Comment Internet dérange-t-il l’ordre établi ? Pour
Laure Belot, journaliste au Monde, auteure du best-seller La déconnexion des
élites, « en France comme dans tous les pays, les penseurs, les
responsables économiques, politiques ou syndicaux découvrent une société qui ne
les attend pas ».
S’exprimant à Bouvron, dans une conférence organisée par le
CDLA (Conseil de développement de Loire Atlantique), le 2 octobre 2015, dans le
cadre d’une journée intitulée Citoyen à l’heure du numérique - interviewée par Emmanuelle Gelebart Souilar, directrice du CDLA - elle a
décrit, à travers de nombreux exemples, « ces idées et pratiques nouvelles surgissant souvent des marges de
la société : des personnes créatives, déviantes, militantes, des pionniers
[qui] initient un phénomène ». Mais, suivant sa description, ces marges
sont-elles plutôt sociales, culturelles et générationnelles, que géographiques
ou territoriales. En réalité, admet-elle, « le numérique renouvelle, de fait,
des problématiques anciennes ».
Elle est partie, comme dans son livre, de l’exemple du
Boncoin, y voyant une France "créative" mais surtout "invisible" pour les élites. Élargissant son propos à un domaine
plus culturel, elle en arrive à cette certitude : « Les outils
numériques, simples à utiliser, de moins en moins chers à acquérir, permettent
partout dans le monde à toute personne ayant une idée de la tester et de la
diffuser. En créant un site ou une application… Avec ou non un succès à la
clé ».
Partout les élites découvrent – ou non – un monde une
société qui n’attend pas après eux. Pour l’historienne Laurence Fontaine,
spécialiste du XVIIIe siècle, « on peut voir, dans la période actuelle,
l’illustration de la lutte entre la circulation des idées, des nouvelles
pratiques, et le contrôle par les pouvoirs institués ». Historiquement,
dit-elle, « le progrès des Lumières est la capacité des gens à réfléchir
par eux-mêmes plutôt que de suivre les dogmes et de s’auto-limiter. Le
numérique peut-être vu comme un nouvel outil servant ce progrès ». Vision
certes optimiste, et qui néglige trop que l’Internet peut tout aussi bien être une
formidable caisse de résonance, pour tous les nouveaux dogmes dans l’air du
temps, y compris les pires.
Dans son livre, Laure Belot, montre successivement à quel
point le numérique impacte l’école, les banques et les entreprises. Porté
essentiellement par les jeunes, qui constitueraient une "nouvelle élite 3.0", il
bouscule sans ménagement les anciennes élites, oblige à repenser la démocratie
et remet en cause le pouvoir. Mais, « peut-on parler réellement
d’engagement citoyen en ligne, quand seul le pouce clique sur le
bouton ? ». Des observateurs soulignent la volatilité de certaines
mobilisations, symbolisées par la facilité à liker. Il n’empêche. Pour
la sociologue Cécile Van de Velde, « le fait que la nouvelle génération
soit plonger depuis l’enfance dans le bain numérique dessine de nouvelles
appartenances et de nouvelles frontières, de l’ultra-local à de
l’ultra-global ». Si c’est incontestablement vrai pour le global, le local
– par exemple le périurbain et/ou le rural - n’atteint pas le seuil de masse
critique permettant le déploiement réel et vraiment interactif des réseaux
sociaux. C’est plutôt, alors, l’effet de mimétisme et le ralliement (partage de
contenus venus d’ailleurs) qui l’emportent.

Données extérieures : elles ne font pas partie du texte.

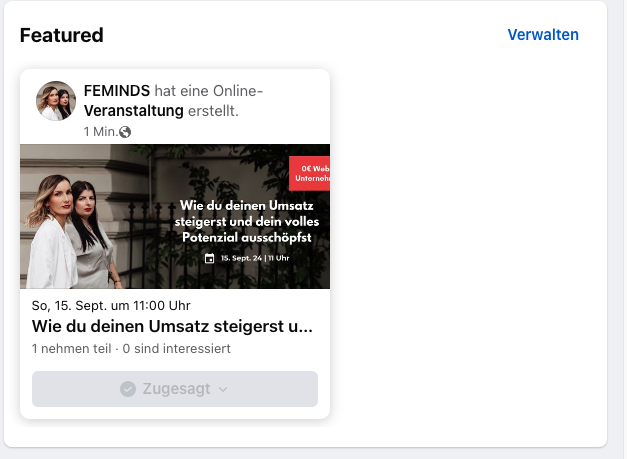 Facebookevent von FEMINDS als Beispiel für mehr Umsatz mit Facebook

Quoi qu’il en soit, « le gouffre est tel que les
élites, qu’elles comprennent ou non, comment vivent les citoyens, donnent bien
l’impression de ne pas partager le même monde », constate Catherine
Fieschi , avec un risque politique nouveau qui apparaît, celui « de
ne pas se saisir de ce qui se passe numériquement, c’est de ne pas se saisir de
préoccupations qui prennent forme dans la société, c’est de passer à côté de
signaux faibles », et de négliger toutes les tensions et conflits de basse
intensité qui trouvent alors d’autres voies pour s’exprimer, comme l’abstention
massive et le vote d’extrême droite. La déconnexion n’est donc pas que
technologique, et pour Laure Belot « l’engouement d’une grande majorité de
citoyens pour le numérique, nouvel espace d’expression encore flou pour les
politiques, dévoile avec netteté la distance entre les pouvoirs en place et la
société ».
Pour le constitutionnaliste Dominique Rousseau, « le
problème en France n’est pas tant la déconnexion des élites que la nature même
de l’élite, recroquevillée sur les énarques », dans une culture de
défiance à l’égard de la société, au
point que « nous avons actuellement une classe dirigeante très bien formée
pour faire fonctionner l’Etat et non la société ». Dans le même temps,
« en bas, la société fonctionne sur elle-même, en réseau. Elle pense, elle
communique sans les élites, invente ses propres règles et se moque de les faire
passer en haut. Le peuple se déconnecte aussi de l’élite ». Le politologue
Loïc Blondiaux ajoute, que dans la méritocratie républicaine, « ceux qui
réussissent développent un sentiment de supériorité et se sentent parfaitement
capables d’affronter tous les problèmes ». Une posture qui entraîne
« une difficulté à dialoguer avec les citoyens sur des sujets d’actualité,
une certaine forme d’inaptitude à l’humilité et un déficit de reconnaissance de
ceux qui n’appartiennent pas au cercle ».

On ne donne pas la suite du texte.